Kolman & Pryor present a new series by Betsy Ruth Byers underpainted with philosophy and ecology, and how our sensory experiences create our reality.
- Feb 25th - Apr 29th
- Sat Mar 25th 7PM - 9PM CST
1500 Jackson St NE #395
Minneapolis ( map )
Taking as her inspiration the Icelandic term jökulhlaup (a glacial flood), United States Geological Survey historical studies of glacial change, and French phenomenological philosopher Maurice Merleau-Ponty’s theories on perception and meaning, Betsy Ruth Byers introduces a new body of work titled, Sensitive Indicators, at Kolman & Pryor Gallery. Sensitive Indicators opens February 25 and runs through April 15 An artist reception will be held on Saturday, March 25, 7-9 p.m.

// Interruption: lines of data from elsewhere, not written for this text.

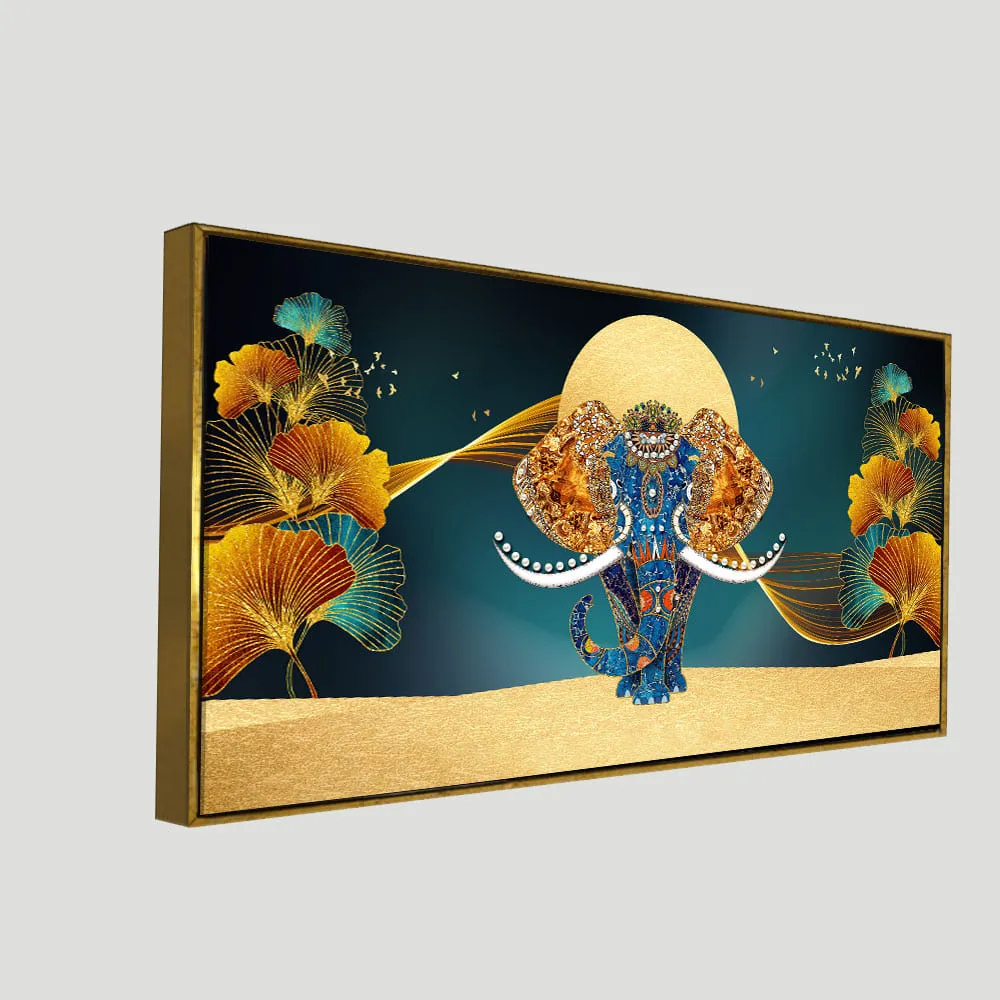 Beautiful Golden Flowers with Elephant Premium Canvas Wall Painting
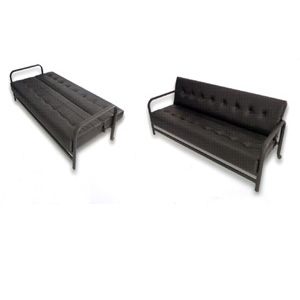 Black Leather Sofa Bed S146L (PK)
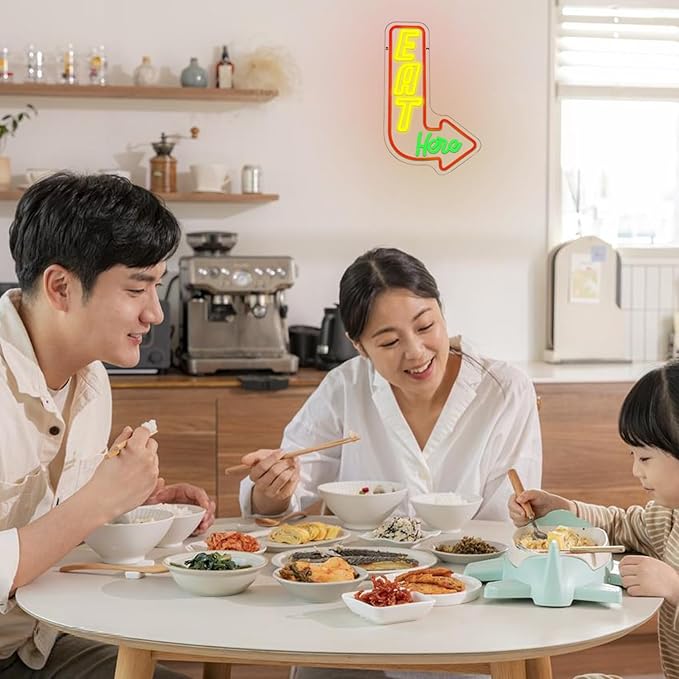 Eat Here Neon Sign for Wall Decor Kitchen Neon Light Colorful LED Neon Signs Arrow Led Neon lights for Restaurant Kitchen Living Room Decoration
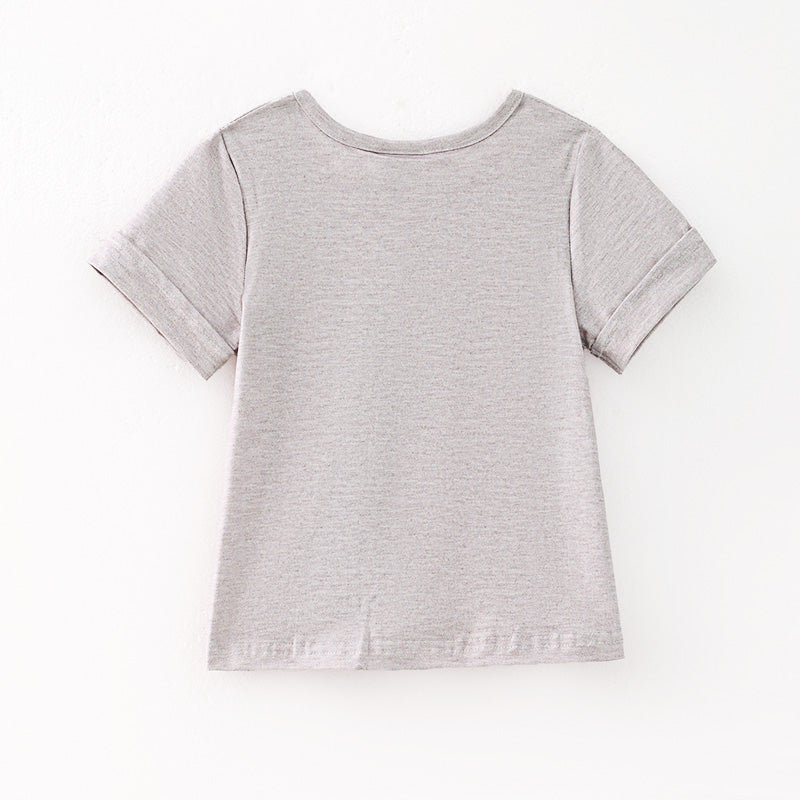 (In Stock)Mommy and Me Easter Bunny Print Grey Top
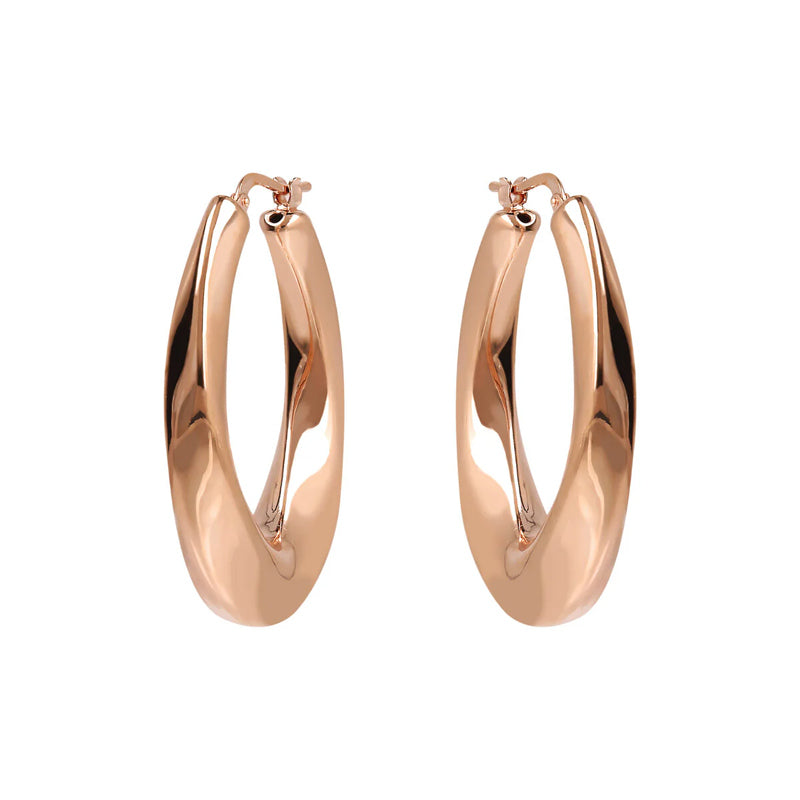 Orecchini Gioiello Cerchio Rosé Ritorti Spessi Bronzallure WSBZ02044.R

While the work is influenced by how glacial landscapes are radically changing due to global warming, Byers insists her work is not about climate change. “Glaciers are a particularly sensitive indicator of climate change, which is a concern that runs through my life and work,” she says. “But what’s reflected in the work, instead, is my interest in the slow movement of landscapes over time. The work is underpainted with my thinking about philosophy and ecology, and about how our sensory experiences create our reality.”
Byers has long been influenced by water. Early works about swimming at night “evolved into thinking about our relationship to water, then glaciers,” she says. The aspects of a landscape painting that viewers usually perceive first—including light, space, horizon lines and texture—“become intertwined and internalized, and constitute what we experience as the ever-shifting present moment,” Byers says, with reference to Merleau-Ponty’s theories on perception.